#### [Records for this task]
* * * *

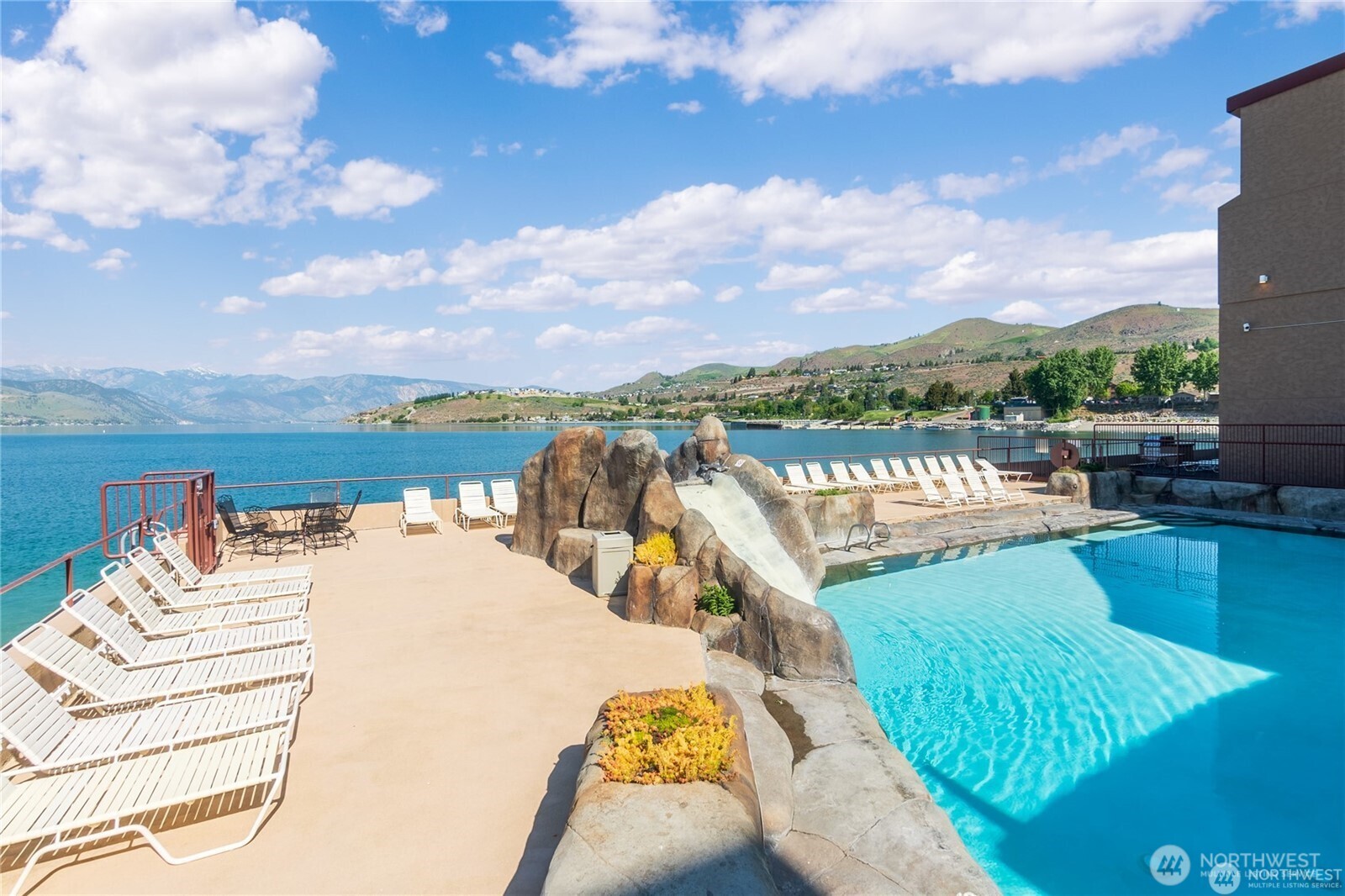 322 W Woodin Avenue Chelan WA 98816
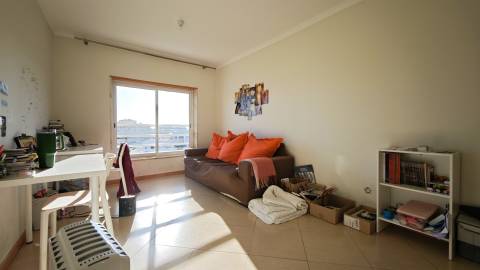 Oportunidade única – Apartamento T1+1 na Correeira – Vista mar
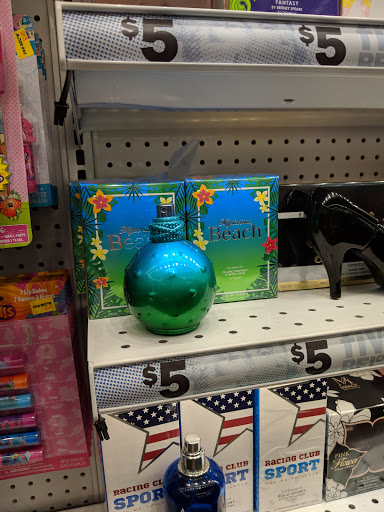 Variety Store «Five Below», reviews and photos, 5900 Poyner Anchor Ln, Raleigh, NC 27616, USA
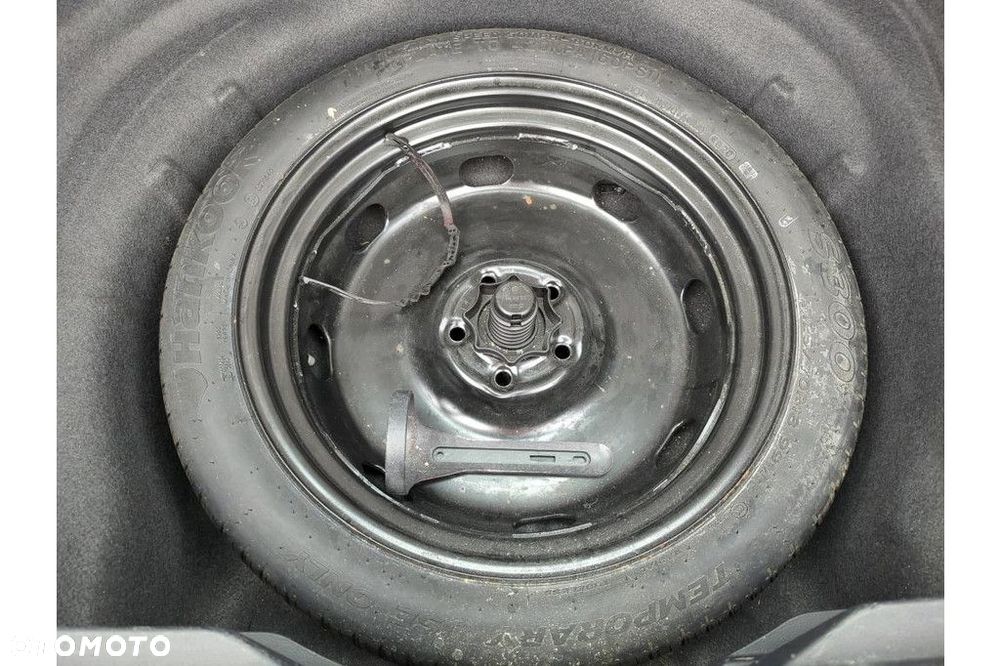 Volkswagen Golf Variant - 16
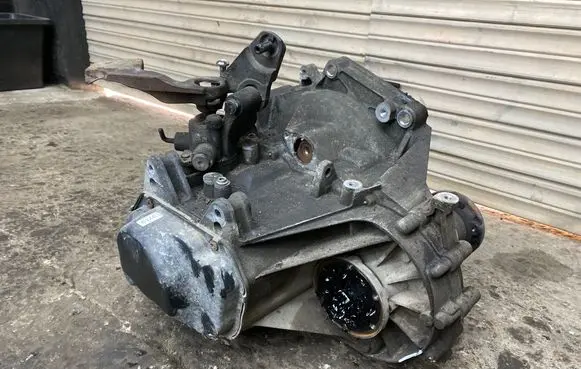 Skoda Octavia Mk2 (1Z) Manual 5 speed gearbox 02T301103AB LVN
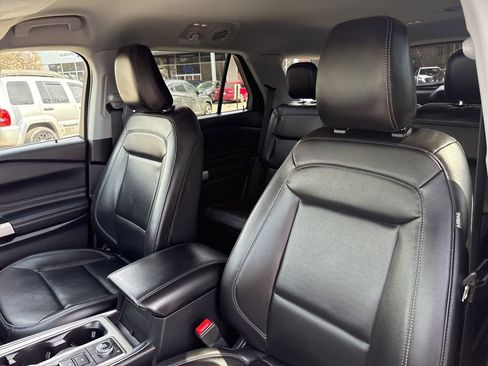 Used 2022 Ford Explorer XLT w/ Equipment Group 202A image 21
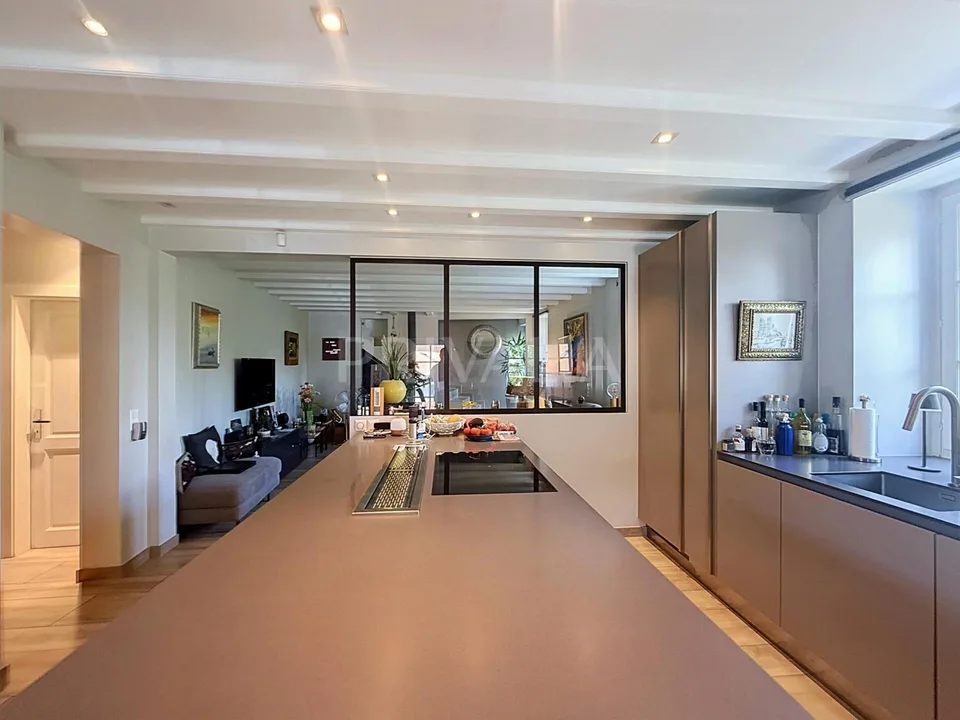 Élégance et confort dans une maison familiale avec jardin à Satigny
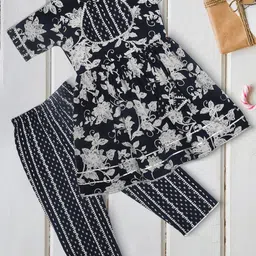 Sangria Girls Printed Straight Kurta Sets-picture-45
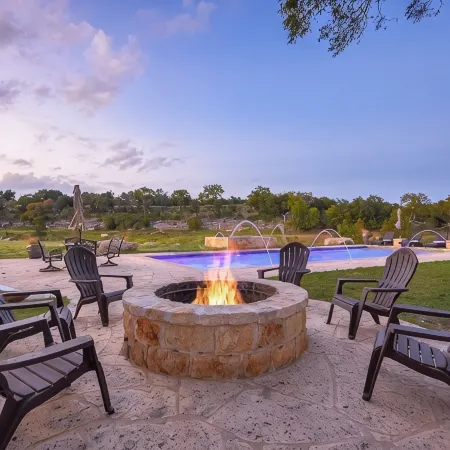 2 Houses - 6 Acres, Riverfront, Pool, Hot Tub, BEAUTIFUL VALLEY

* * * *

#### [Exercise]
Repeat each record verbatim, pictures excluded.

#### [Solution to this problem]
 322 W Woodin Avenue Chelan WA 98816
 Oportunidade única – Apartamento T1+1 na Correeira – Vista mar
 Variety Store «Five Below», reviews and photos, 5900 Poyner Anchor Ln, Raleigh, NC 27616, USA
 Volkswagen Golf Variant - 16
 Skoda Octavia Mk2 (1Z) Manual 5 speed gearbox 02T301103AB LVN
 Used 2022 Ford Explorer XLT w/ Equipment Group 202A image 21
 Élégance et confort dans une maison familiale avec jardin à Satigny
 Sangria Girls Printed Straight Kurta Sets-picture-45
 2 Houses - 6 Acres, Riverfront, Pool, Hot Tub, BEAUTIFUL VALLEY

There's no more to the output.